That may be helpful. The x2APIC support was apparently never committed to FreeBSD 10.x.

A Supermicro FAQ for a much older board says: _in “Local APIC Mode” selections of BIOS setup, please select “Compatible APIC Mode.”_ Your motherboard may have something different, perhaps X2APIC_OPT_OUT.


----------



## trumee (Aug 7, 2017)

The X2APIC was set to disabled in BIOS. Unfortunately, I dont see an option to set 'Compatible APIC mode'.






After enabling it, i get an extra option as you mentioned. Going to try this out.


----------



## trumee (Aug 7, 2017)

I tried with both X2APIC_OPT_OUT flag on and off, with a soft reset in between. It didnt help.


----------



## trumee (Aug 7, 2017)

The system booted up fine with two consecutive reboots. This is with X2APIC_OPT_OUT flag turned on.

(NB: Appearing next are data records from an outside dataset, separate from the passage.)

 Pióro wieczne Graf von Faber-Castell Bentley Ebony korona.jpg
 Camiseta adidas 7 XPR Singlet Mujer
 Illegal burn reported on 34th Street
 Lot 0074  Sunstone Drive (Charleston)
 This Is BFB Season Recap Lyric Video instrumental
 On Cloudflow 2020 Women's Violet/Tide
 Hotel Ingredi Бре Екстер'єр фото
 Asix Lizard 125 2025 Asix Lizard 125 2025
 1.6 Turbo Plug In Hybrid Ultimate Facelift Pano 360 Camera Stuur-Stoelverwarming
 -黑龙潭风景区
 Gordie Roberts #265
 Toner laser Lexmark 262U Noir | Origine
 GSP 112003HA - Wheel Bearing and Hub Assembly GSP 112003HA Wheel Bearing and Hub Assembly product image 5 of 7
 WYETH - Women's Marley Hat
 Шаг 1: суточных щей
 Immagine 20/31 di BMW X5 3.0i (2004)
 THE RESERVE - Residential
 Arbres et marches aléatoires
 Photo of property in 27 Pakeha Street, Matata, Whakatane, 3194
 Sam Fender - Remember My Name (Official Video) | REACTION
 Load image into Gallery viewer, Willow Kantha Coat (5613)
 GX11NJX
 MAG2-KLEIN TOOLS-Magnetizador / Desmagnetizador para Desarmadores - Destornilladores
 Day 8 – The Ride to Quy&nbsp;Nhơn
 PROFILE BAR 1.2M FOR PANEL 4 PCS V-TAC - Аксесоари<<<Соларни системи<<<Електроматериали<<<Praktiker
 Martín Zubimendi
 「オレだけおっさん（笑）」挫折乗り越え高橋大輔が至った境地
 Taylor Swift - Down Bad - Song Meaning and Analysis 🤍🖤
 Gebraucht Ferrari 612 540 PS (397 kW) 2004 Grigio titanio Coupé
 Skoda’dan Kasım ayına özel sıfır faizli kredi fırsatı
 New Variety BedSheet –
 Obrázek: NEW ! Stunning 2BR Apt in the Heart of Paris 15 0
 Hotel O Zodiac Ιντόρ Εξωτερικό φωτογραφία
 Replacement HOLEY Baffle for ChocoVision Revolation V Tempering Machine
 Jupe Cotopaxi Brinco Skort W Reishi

I will try a reboot after 24 hours to check again.


----------



## trumee (Aug 9, 2017)

No dice. Changing flag doesn't make a difference. Still hangs.


----------



## Terry_Kennedy (Aug 11, 2017)

trumee said:


> No dice. Changing flag doesn't make a difference. Still hangs.


I don't have any further suggestions. You might try posting to freebsd-stable@, since more developers hang out there and someone may give you other things to try.


----------



## trumee (Aug 13, 2017)

The culprit was the USB 3 PCIe card. As soon as i took it the problems went away. This BUG report has the details.


----------